Crawled caption data:

____________

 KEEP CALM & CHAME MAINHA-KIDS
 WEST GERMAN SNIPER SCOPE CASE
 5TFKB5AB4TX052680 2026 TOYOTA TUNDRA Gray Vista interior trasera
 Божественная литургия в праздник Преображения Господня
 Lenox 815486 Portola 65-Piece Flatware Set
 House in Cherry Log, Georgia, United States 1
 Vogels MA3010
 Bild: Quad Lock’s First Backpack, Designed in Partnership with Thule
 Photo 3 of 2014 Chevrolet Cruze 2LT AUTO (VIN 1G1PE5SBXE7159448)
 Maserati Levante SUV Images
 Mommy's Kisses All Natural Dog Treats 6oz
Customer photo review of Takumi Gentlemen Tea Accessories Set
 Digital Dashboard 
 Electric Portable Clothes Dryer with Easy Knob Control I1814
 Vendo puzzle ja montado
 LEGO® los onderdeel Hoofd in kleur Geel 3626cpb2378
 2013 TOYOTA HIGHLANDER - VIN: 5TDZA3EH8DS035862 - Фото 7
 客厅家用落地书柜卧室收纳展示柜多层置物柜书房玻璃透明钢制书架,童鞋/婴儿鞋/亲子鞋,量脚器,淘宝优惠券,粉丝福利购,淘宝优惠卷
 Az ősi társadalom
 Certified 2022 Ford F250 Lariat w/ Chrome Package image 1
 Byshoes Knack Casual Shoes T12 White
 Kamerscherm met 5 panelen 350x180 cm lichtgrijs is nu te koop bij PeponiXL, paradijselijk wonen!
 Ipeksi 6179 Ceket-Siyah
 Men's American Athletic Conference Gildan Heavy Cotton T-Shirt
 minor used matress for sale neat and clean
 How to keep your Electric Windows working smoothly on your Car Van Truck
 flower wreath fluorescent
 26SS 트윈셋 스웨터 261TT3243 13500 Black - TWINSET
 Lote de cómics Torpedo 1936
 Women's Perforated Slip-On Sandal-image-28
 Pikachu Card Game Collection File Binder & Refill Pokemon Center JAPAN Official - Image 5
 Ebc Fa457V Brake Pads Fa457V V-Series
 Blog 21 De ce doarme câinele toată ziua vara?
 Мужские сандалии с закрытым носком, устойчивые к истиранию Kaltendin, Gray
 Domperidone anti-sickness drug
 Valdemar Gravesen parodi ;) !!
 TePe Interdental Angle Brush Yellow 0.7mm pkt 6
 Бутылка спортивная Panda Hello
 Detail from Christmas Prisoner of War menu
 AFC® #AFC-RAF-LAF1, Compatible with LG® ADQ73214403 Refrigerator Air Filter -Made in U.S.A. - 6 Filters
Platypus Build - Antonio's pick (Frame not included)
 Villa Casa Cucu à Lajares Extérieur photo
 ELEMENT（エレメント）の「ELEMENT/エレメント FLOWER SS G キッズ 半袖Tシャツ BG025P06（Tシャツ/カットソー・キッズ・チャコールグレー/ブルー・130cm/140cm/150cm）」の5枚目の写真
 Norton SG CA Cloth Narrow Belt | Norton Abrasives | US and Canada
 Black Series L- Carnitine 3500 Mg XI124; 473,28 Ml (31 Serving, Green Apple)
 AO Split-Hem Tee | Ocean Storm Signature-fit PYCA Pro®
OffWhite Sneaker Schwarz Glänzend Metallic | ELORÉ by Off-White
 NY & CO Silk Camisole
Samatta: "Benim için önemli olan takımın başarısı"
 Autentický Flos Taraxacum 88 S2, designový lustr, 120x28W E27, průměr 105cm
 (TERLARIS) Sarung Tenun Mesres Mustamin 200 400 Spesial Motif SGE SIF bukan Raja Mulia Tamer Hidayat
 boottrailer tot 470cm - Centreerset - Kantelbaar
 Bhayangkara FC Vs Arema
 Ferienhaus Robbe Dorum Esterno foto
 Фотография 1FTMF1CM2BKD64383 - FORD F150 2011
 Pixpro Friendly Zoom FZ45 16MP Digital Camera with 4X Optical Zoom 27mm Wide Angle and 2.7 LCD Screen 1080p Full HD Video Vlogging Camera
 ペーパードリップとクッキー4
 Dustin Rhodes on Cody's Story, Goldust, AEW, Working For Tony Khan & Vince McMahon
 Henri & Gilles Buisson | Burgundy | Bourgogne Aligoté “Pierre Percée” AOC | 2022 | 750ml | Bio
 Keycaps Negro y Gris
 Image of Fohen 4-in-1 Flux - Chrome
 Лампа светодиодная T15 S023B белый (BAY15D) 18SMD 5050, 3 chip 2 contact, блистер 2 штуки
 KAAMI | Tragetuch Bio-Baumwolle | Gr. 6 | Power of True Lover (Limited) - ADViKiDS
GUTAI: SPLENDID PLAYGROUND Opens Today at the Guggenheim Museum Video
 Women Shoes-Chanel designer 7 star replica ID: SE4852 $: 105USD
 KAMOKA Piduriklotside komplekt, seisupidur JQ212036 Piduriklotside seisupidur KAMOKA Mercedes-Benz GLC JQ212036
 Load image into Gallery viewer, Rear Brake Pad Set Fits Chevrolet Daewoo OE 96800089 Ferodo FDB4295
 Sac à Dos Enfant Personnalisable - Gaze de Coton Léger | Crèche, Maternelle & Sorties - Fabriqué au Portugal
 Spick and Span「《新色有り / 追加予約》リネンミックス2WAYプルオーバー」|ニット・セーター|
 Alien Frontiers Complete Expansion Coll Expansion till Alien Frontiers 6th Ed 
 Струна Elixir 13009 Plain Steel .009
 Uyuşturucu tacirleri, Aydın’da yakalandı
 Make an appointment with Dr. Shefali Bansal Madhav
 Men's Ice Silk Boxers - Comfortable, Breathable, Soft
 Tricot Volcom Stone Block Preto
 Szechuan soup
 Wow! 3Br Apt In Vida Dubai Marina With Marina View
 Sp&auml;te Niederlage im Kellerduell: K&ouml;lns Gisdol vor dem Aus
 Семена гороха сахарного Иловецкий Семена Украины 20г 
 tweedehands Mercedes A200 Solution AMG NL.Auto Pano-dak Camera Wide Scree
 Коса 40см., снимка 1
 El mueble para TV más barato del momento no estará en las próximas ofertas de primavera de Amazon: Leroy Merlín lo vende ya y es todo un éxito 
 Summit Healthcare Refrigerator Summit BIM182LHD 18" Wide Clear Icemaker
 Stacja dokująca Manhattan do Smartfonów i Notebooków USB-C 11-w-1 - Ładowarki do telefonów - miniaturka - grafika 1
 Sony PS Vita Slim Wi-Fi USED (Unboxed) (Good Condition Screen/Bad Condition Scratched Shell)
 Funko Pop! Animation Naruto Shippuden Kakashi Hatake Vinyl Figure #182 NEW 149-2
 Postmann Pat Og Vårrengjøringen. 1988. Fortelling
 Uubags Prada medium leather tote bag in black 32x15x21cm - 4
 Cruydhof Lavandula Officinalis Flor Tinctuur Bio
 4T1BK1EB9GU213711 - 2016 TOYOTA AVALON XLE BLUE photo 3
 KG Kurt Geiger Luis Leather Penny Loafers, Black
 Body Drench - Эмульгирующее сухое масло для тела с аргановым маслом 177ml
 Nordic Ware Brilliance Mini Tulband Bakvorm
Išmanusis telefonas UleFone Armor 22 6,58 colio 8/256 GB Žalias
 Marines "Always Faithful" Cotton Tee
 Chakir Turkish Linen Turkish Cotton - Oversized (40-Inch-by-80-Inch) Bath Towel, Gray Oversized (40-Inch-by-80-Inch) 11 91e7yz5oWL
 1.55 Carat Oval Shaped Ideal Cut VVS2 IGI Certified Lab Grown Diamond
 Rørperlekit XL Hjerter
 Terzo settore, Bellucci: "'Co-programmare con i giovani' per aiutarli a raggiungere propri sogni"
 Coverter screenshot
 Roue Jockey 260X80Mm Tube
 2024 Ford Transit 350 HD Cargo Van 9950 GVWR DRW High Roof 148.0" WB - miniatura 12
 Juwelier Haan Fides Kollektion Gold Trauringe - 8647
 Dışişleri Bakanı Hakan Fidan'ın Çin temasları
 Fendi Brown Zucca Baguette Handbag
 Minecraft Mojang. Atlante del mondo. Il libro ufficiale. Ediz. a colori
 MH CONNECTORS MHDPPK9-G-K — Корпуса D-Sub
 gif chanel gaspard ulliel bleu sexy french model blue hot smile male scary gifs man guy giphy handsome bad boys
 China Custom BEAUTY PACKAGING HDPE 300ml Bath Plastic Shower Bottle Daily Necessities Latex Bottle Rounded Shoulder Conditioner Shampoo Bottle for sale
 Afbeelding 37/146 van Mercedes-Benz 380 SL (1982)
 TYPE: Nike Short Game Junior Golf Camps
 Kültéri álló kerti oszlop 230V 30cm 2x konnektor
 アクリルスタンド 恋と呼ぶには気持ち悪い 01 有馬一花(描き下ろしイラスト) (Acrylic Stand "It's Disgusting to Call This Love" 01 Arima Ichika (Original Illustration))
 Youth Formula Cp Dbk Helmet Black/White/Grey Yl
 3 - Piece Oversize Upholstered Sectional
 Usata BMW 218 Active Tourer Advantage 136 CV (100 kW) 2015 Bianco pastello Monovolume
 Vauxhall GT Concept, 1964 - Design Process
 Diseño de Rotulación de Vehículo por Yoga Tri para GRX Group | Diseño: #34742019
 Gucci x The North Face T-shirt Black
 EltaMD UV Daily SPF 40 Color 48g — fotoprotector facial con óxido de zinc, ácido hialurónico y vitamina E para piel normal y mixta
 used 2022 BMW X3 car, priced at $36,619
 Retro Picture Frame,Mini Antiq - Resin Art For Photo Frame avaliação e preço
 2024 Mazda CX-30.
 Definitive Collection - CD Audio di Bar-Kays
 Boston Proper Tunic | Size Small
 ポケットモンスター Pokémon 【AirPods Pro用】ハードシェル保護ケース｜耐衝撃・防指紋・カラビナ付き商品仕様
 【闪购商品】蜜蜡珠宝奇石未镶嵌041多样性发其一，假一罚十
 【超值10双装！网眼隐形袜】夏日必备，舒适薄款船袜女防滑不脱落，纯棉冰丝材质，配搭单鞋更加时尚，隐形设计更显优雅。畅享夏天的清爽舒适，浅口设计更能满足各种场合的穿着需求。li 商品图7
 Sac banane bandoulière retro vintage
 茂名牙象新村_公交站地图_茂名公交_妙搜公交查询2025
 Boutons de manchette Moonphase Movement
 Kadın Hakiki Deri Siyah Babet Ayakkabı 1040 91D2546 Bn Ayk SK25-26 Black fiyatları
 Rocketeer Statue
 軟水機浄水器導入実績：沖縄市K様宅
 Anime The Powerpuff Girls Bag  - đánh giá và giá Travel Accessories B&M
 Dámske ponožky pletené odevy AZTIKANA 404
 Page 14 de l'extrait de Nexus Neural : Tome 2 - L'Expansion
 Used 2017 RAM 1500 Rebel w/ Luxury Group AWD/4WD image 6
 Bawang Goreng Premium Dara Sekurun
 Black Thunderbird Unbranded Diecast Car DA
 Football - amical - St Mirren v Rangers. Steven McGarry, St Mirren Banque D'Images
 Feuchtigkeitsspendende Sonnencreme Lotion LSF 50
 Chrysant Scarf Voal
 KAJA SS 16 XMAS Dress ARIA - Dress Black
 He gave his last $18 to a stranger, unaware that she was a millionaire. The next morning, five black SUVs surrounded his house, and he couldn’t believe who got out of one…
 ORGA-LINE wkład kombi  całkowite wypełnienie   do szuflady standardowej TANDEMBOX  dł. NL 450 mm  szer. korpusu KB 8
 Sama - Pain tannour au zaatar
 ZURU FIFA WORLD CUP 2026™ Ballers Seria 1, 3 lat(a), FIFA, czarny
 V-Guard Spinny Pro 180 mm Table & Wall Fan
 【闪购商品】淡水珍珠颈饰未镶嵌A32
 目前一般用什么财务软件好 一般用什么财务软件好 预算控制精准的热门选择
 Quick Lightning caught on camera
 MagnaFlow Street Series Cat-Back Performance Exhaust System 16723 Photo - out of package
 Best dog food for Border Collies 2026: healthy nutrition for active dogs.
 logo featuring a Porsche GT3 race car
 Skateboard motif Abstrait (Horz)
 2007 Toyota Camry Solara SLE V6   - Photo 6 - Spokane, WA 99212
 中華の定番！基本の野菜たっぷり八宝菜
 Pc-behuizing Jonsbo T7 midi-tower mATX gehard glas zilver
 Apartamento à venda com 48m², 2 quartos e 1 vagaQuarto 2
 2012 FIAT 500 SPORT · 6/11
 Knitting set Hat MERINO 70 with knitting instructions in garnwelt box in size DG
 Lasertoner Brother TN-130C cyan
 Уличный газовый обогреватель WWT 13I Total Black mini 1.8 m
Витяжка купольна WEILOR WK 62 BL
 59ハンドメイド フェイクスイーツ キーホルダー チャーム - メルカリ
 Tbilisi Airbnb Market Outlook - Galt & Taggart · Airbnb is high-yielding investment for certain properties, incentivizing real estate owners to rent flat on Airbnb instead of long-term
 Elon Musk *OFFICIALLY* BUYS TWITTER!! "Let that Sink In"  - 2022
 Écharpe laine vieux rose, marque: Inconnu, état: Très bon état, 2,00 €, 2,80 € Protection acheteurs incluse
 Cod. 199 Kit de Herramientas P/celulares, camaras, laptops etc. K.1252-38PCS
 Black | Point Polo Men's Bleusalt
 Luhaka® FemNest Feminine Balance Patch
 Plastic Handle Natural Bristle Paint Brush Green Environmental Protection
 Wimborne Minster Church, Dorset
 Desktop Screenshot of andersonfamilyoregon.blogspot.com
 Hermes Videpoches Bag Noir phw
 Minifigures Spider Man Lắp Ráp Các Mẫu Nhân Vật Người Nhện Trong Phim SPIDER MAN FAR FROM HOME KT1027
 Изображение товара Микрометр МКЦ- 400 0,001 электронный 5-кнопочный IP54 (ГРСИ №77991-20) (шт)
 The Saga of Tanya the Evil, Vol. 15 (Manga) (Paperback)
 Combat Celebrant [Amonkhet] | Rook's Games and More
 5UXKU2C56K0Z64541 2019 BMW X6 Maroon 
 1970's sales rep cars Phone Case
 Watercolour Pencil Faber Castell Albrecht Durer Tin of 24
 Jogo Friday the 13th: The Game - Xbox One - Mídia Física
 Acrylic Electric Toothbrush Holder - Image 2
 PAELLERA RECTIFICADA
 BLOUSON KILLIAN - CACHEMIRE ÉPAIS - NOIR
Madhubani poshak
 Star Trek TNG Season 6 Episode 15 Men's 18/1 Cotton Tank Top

____________

About this task. Reproduce exactly the lines above from the line with "Men's Ice Silk" to the line with "El mueble para", including both, and add nothing.

Result of this task.
 Men's Ice Silk Boxers - Comfortable, Breathable, Soft
 Tricot Volcom Stone Block Preto
 Szechuan soup
 Wow! 3Br Apt In Vida Dubai Marina With Marina View
 Sp&auml;te Niederlage im Kellerduell: K&ouml;lns Gisdol vor dem Aus
 Семена гороха сахарного Иловецкий Семена Украины 20г 
 tweedehands Mercedes A200 Solution AMG NL.Auto Pano-dak Camera Wide Scree
 Коса 40см., снимка 1
 El mueble para TV más barato del momento no estará en las próximas ofertas de primavera de Amazon: Leroy Merlín lo vende ya y es todo un éxito 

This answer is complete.